I didn’t want to admit it, but he had me there. If I hadn’t perfected my don’t-give-a-shit, you’re-boring-to-me exterior, I’d have raised one eyebrow and smiled at him. Instead, I stood up to walk away, saying, “I’ll just leave you to some clean air, then.”
He stood up, too, facing me. I hate admitting this part, too, but I really thought that I was about to be swept up in a Hollywood romance encounter, where the hero rescues the tortured heroine from herself with a magical, soul-tearing kiss. He stepped toward me and I turned to face him. I was pretty fucking spooked.

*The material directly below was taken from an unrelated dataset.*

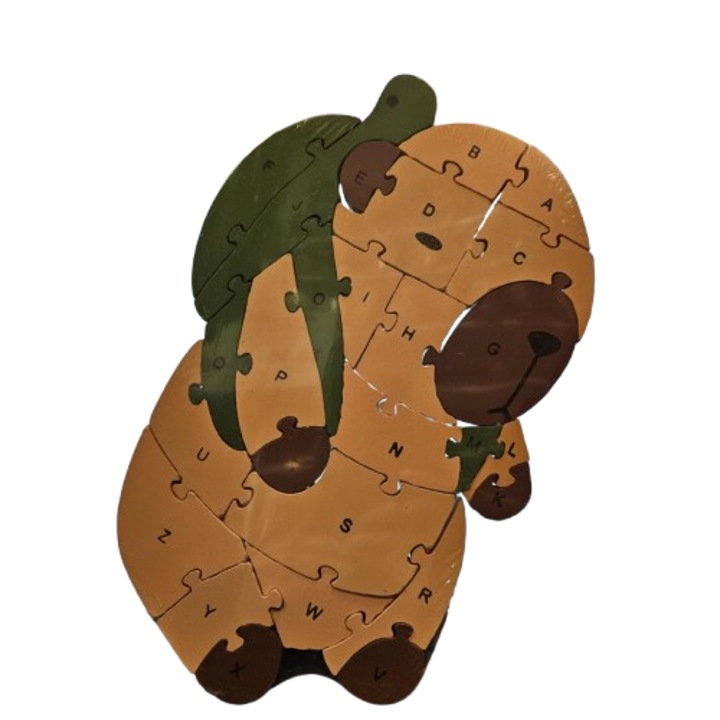 Kapibara kirakó, Betűkkel és számokkal, Fa, 26 darabos, Többszínű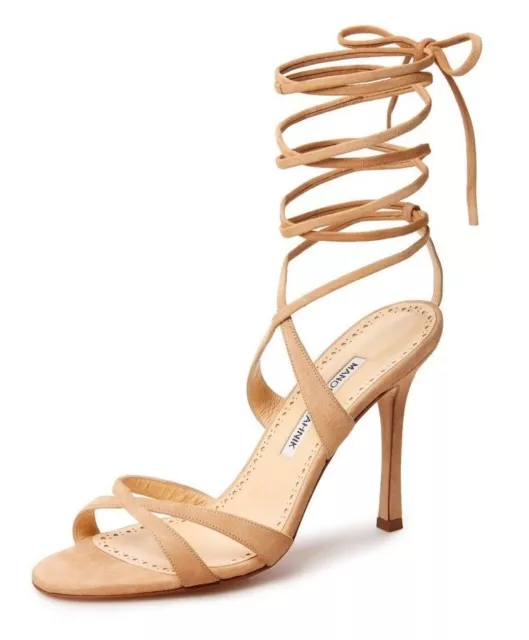 $745 NEW Manolo Blahnik CRISS 105 Suede NUDE Beige Sandals Shoes 36 39 40 40.5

And that’s when that evil shit took the smoke out of my hand, threw it in a rain puddle and handed me a cup of coffee.
“See ya, whore,” was what he said to me, as he turned and walked away.
I at once wanted to kill him. I also wanted to jump on his back and tell him to piggyback me away from the mall parking lot, into, I don’t know, the freaking sunset, maybe.
I’d never been so frustrated and confused by a man before, because Jerry had taught me well the ins and outs (ha. Sorry, more occupational humour) of the male brain. Men were so simple. Most of it had to do with thinking with their dicks. But Hayden seemed both dickless and like he was made of balls.
On that day, I didn’t know his name, just that his 20 year old car was dented and rusting out from under him. I didn’t know how big a role he was about to play in my life.
All I knew for sure was that he bought good coffee.